Como la de ayer, día corto de tan largo, en el que llegué tarde a mi primera salida BAFICI (primera fuera de broma, jamás había ido) y me perdí los primeros cortos de Chacun son Cinéma. Creo que en teoría debí habérmelo perdido completo. Entré a la sala en medio de un caos en el ingreso al cine armado por los que venían a ver la otra película que se iba a proyectar, siguiendo a un tipo que tenía también cara de llegotardeojaláquenohayaempezadoahorario. Una empleada nos pescó, nos miró con algo de lástima y nos urgió: “Entren rápido que no los vieron”. En mi despiste, necesité que me lo dijera dos veces.
Por lo menos valió en algo la corrida. Un par de cortos estuvieron realmente buenos. Una pena el cine (se trata del Atlas Santa Fe, lamentablemente todas las películas que voy a ver las saqué ahí), que tenía un problemita con el proyector (la parte de arriba de la imagen se salía de foco, especialmente si se trataba de planos muy luminosos), y un operador medio dormido que no se daba cuenta cuando los subtítulos en español se tildaban (lo que era a cada rato), con el subsiguiente rechifle general de la pobre gente que no podía seguir los subtítulos en francés que, esos sí, estuvieron ahí todo el tiempo.
También podría decir algo de hoy, uno de esos pocos días del año en los que resulta más cómodo leer en las mesas de afuera de MacPancho que quedarse adentro de cualquiera de los bares que nos viven todos los días.
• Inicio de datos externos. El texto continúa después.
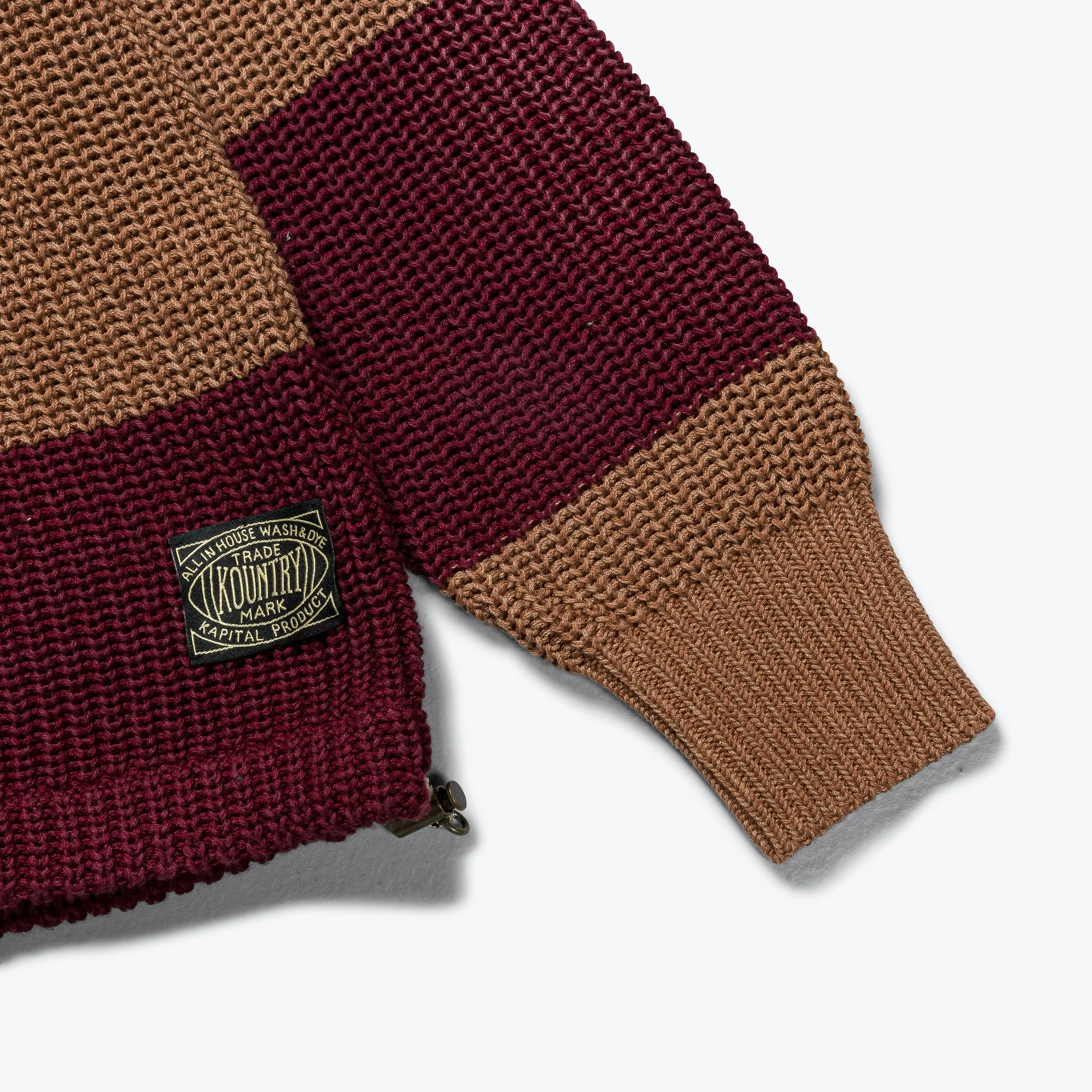 5G Cotton Knit RUGGER Shirt - Brown/Burgundy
Podría contar que se acercó un muchacho que debe rascar apenas la mayoría de edad, con un pilón de copias de su novelita editada a pulmón. Todavía no me explico por qué gasté $15 en comprársela. Supongo que en parte fue el hecho de encontrar que al menos el primer tramo que llegué a leer (tenía la estrategia de prestarlos un rato para que uno decidiera) daba muestras de estar por lo menos algo mejor escrito que algún que otro bodrio (¿)narrativo(?) incluido en alguna antología muy irregular de cuyo nombre no quiero acordarme. O tal vez habrá sido la combinación de eso con las faltas de ortografía desperdigadas por el texto, todavía no termino de saber si como recurso conciente, como marca de soberbia (aquello de pero lo que yo escribí no lo toca nadie, ni el corrector de Word (lo que como en la última entrada se comprobó puede ser hasta contraproducente, admitámoslo)) o, simplemente, por mera falta de recursos. El librete trae el mail del responsable, así que supongo que cuando le dedique un rato y lo termine le preguntaré. Pero en todo caso, la ortografía caótica (insisto, hasta mi alumnado de polimodal pesca bien rápido la mnemotécnica infalible que hace imposible equivocarse y escribir “envergadura” con “mb” en lugar de con "nv") y lo llevadero del texto formaban una yunta despareja que merecía leerse. Al menos en apariencia. Tal vez fue sólo que cobré ayer, y como estoy dulce es más fácil que un escritor novel que se gastó en tratar de publicar algo me de un poco más de pena. No sé.
Por lo pronto aquello de que no sé administrar mis gastos, especialmente si me ponen hojas impresas y encuadernadas con algún atractivo mínimo enfrente, es cierto. Ya a la vuelta del cine pasé por Parque Rivadavia con intenciones de no comprarme nada, y me volví con Samuel Beckett, las huellas en el vacío de Lucas Margarit (con ese tengo excusa, se supone que debo una monografía beckettiana todavía) y con Lo Sagrado y lo Profano de Mircea Elíade, que vaya uno a saber cuándo me va a dar el tiempo para leerlo.
Si sigo tirando palabras al tacho, seguro que no va a ser hoy.